American contemporary R&B singer

Yolanda Rose "LaLa" Brown (May 20, 1986 – October 19, 2007) was an American R&B singer best known for being featured on the track
"S.E.X." with Lyfe Jennings, which reached No. 3 on the Billboard Hot R&B/Hip-Hop Songs chart and peaked at No. 37 on the Billboard Hot 100 in October 2006. Brown and her record producer JeTannue "Kool Aid" Clayborn were murdered on October 19, 2007, at a recording studio in Milwaukee, Wisconsin. The case remains unsolved.

==Early life==
Yolanda Rose "LaLa" Brown was born on May 20, 1986, in Milwaukee, Wisconsin, to Maria and William Brown. Brown's mother is of Mexican descent. Her father is African American. She was the youngest of five children. Her parents had stated that she had a talent for entertainment "from her first steps, always singing and dancing around the house." Therefore, it was no surprise to those who knew her when she began to pursue a career in music. At the age of eleven, Brown started singing professionally, using the stage name "Pre-mere"; she often sang at weddings and, later, various bars. She attended Frederick Douglass Elementary School, Jackie Robinson Middle School, and Milwaukee High School of the Arts. At the age of 16, in 2002, Brown gave birth to a daughter, Amirah Airreal Brown. She also loved giving back to her community.

== Career ==
In fall 2005, Brown traveled to Atlanta, Georgia in hopes of furthering her career, believing there she would have a better chance to meet artists, producers, and songwriters who could assist her. Brown finally got the big break she was hoping for when R&B singer-songwriter Lyfe Jennings asked her to be on his new track "S.E.X." She was a featured singer and appeared in the music video. The track "S.E.X." was a cautionary tale warning adolescent girls about the pitfalls and dangers of unprotected sex and appeared on his second studio album The Phoenix. She then toured with Jennings, but was released following a disagreement with him. In June 2007, Brown returned to Milwaukee, still set on becoming a solo artist and began working on her debut album. Brown recorded three songs, "I'm Feeling It", "Rescue Me", and "Give Them What They Want", the latter a song many believe is autobiographical. Those songs were all released prior to her death.

== Death ==
On October 22, 2007, Brown and her record producer/boyfriend, JeTannue "Kool-Aid" Clayborn, were discovered by Clayborn's brother, shot and killed by an unknown gunman in the Loud Enuff Productionz recording studio in Milwaukee. Both had been dead at least 3 days before they were discovered, with the date of the murder later determined to be October 19, 2007. Although autopsies were performed on both Brown and Clayborn, results were never released. Brown was survived by her mother, father, siblings, as well as her daughter.

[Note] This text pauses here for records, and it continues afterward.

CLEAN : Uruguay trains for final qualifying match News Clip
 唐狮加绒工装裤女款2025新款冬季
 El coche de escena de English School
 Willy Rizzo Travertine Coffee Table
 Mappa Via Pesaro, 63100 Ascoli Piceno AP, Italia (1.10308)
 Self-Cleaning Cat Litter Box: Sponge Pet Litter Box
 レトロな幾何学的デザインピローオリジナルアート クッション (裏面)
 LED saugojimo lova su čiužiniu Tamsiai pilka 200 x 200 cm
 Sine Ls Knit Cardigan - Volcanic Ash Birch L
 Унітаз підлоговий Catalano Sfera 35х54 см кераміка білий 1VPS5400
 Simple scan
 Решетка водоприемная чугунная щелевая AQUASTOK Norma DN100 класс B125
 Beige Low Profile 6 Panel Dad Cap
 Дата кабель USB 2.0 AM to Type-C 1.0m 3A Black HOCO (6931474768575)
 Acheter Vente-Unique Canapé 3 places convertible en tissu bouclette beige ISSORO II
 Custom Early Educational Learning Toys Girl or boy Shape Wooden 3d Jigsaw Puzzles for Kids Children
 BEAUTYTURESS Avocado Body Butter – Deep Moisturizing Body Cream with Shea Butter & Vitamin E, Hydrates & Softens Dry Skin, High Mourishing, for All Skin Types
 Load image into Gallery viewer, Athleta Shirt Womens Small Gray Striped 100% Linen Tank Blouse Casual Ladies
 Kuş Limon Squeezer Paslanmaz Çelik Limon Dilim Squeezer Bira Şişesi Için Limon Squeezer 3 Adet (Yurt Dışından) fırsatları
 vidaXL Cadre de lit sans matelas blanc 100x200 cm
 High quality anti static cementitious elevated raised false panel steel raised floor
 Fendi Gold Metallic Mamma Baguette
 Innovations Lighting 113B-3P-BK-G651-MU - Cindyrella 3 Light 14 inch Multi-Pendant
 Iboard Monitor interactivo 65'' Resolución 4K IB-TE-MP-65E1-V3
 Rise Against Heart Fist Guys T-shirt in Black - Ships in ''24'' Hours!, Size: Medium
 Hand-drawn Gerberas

Brown's funeral was held on October 25, 2007, at the Mason Temple Church of God in Christ, Milwaukee. Hundreds of people attended, including Lyfe Jennings. Burial followed at Graceland Cemetery in Milwaukee. The case was featured on America's Most Wanted in February 2010. On October 22, 2012, TV One aired a Celebrity Crime Files episode about Brown's life and death. As of August 2024, the case has not been solved and police continue to search for a suspect and motive for the killings.